Finding Inspiration from Loyalty Leaders
Looking at top performers can help burgeoning loyalty programs to see how they can emulate those programs while also finding inspiration to create a loyalty program that is unique to the brand and its audience.

Making a loyalty program more personalized and useful for customers is key to keeping them interested in remaining loyal to the brand. Providing customers with additional information on how to use brand products or services can also be helpful to build a greater bond between users and the brand. Williams has worked with airline companies to see how booking a flight can be made easier for loyalty members.

Williams recalls, “We created an algorithm that generated 5 different personalized recommendations based on American Airlines’ route map, and it was one of the most successful promotions ever. We simply asked customers what they wanted, and we were able to provide that at scale to offer proper communication and information to meet and exceed customer needs.”

Leveraging Technology to Drive Customer Loyalty
Keeping up with emerging and innovative technologies can be a challenge for any marketer, especially while trying to focus on day-to-day responsibilities. However, embracing new platforms or enhanced capabilities can make a significant difference in the experience brands provide through their loyalty efforts.

“For several, the technology wasn't necessarily there to support the desires of the brands and their loyalty marketers. One of the things that we see is how restaurant loyalty programs take a deeper look at revenue. They really evaluate where the member is in their life cycle and determine if discounting is warranted because depending on where you are in the life cycle, you may or may not be open to a discount,” explains Williams. “That varies all the time, and there are different personas. For instance, if you're a commuter and you're going to your favorite restaurant, that’s a different experience, but then if you're going to take your family to the same restaurant on the weekends, then you're in a completely different loyalty experience.”

The adaptability necessary to track these life cycle changes can quickly become resource-intensive, however, having the right technology platform and strategic partner in place can greatly reduce the workload placed on loyalty program managers.

"There are systems out there that struggle to support this life cycle strategy, and we're able to do it,” explains Williams. “You want to be able to then look at your members. How do you reach all these people when they're all in different stages of their life cycle? We try to help our partners to synthesize soft benefits. Soft benefits are going to really make a comeback. A lot of these programs have fashioned themselves on the frequent flyer model, but in the environment of restaurants and retail, there are other clever ways that we can come up with a number of soft benefits while we're helping our partners.”

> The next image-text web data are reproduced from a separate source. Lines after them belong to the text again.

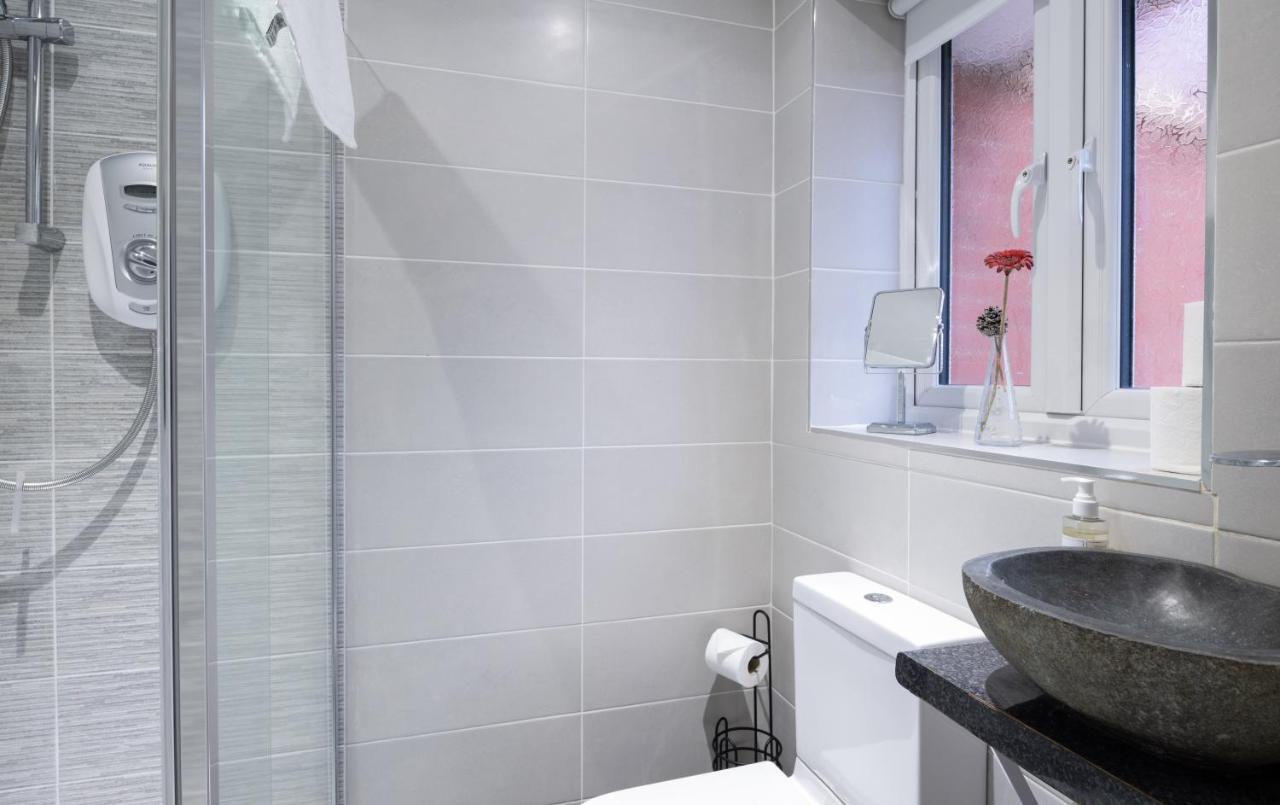 Beautiful House In South Cambridge, 14-Min Drive To The City Centre, Free Parking, No Sofabeds, Sleeps 6 Dış mekan fotoğraf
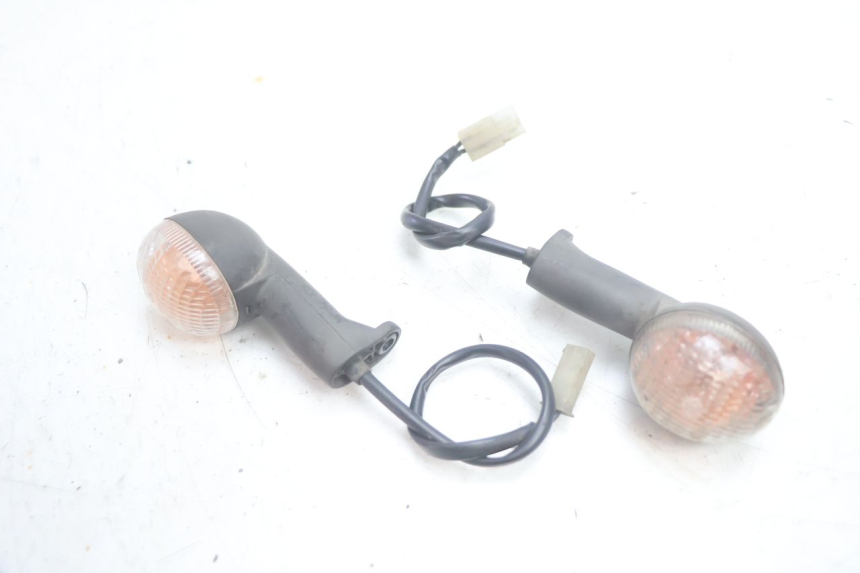 photo de FRONT TURN SIGNAL PEUGEOT LUDIX 50 (2005 - 2007) - Component detail
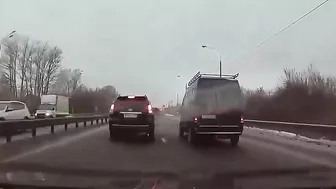 Two Trucks Collide On Highway, Completely Paralyzed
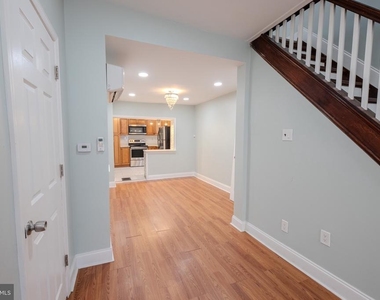 2059 E Ontario Street - Photo Thumbnail 3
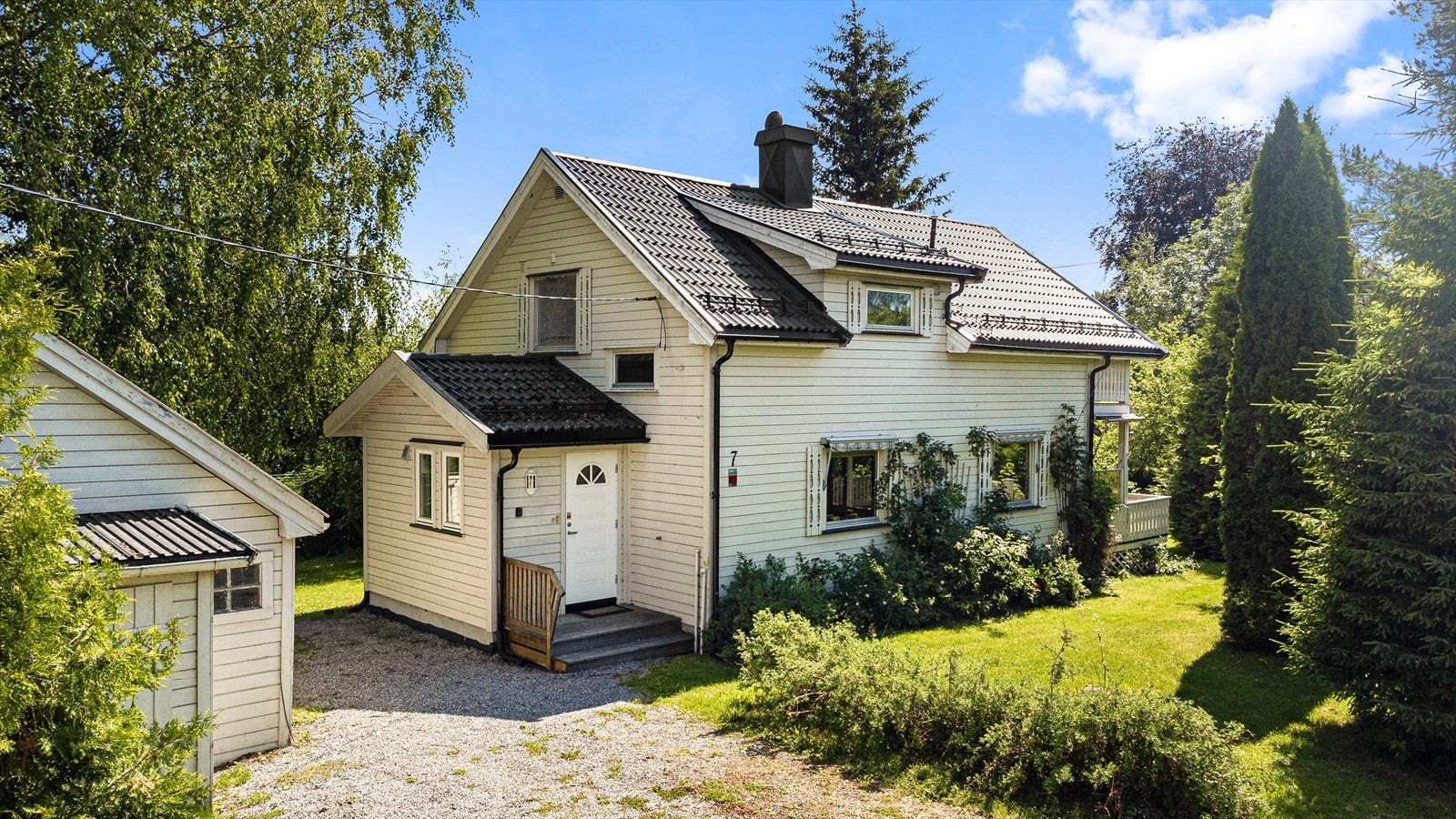 Enebolig med oppgraderingsbehov. Fantastisk tomt på hele 2486 kvm! Her kan du ved å gjøre en innsats skaffe deg drømme stedet! Galleribilde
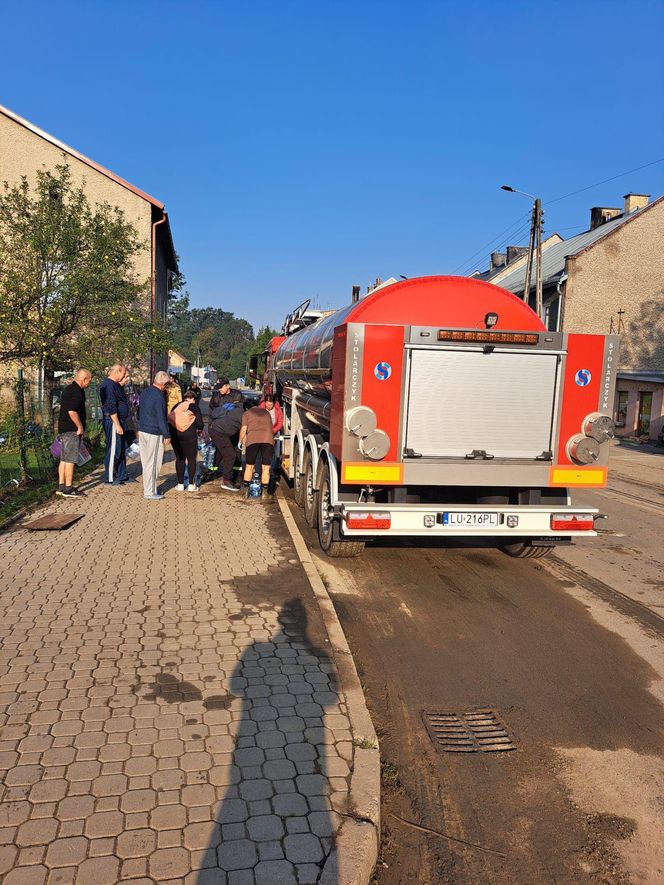 Lubelscy strażacy pomagają powodzianom na różne sposoby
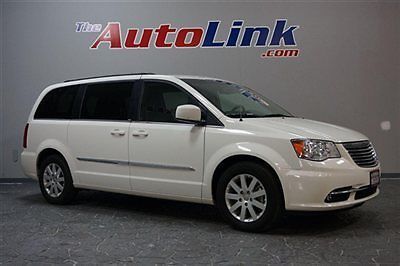 2013 chrysler town &amp; country*nearly new*touring*dvd*sat radio*loaded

Looking to the Future — What Marigold Plans
What’s next for Marigold after an already busy year? Williams went on to share that Marigold is significantly leaning into strategy.

“For a very long time, we've had a professional services organization with a very talented team, and I’m part of that organization as far as strategy. For the first time, our leadership has really put us front and center,” he adds.

Marigold plans to double down on creating a seamless experience for its end users: marketers. When marketers are happy, ultimately, so are customers. Marigold’s focus on strategy leads to the successful interfacing of client success professionals and technical and support resources.

Additionally, Marigold is investing in certifications focusing on strategy for all client-facing staff to ensure that no matter the role, even technical or support, staff will understand where a client’s business is going from a strategic perspective. This was a priority for leadership.

Williams shares one last piece of wisdom. “I would advise marketers to begin by always looking at strategy first and then try and figure out what it is that you’re solving for. Those objectives, key results, and goals are tremendously important.”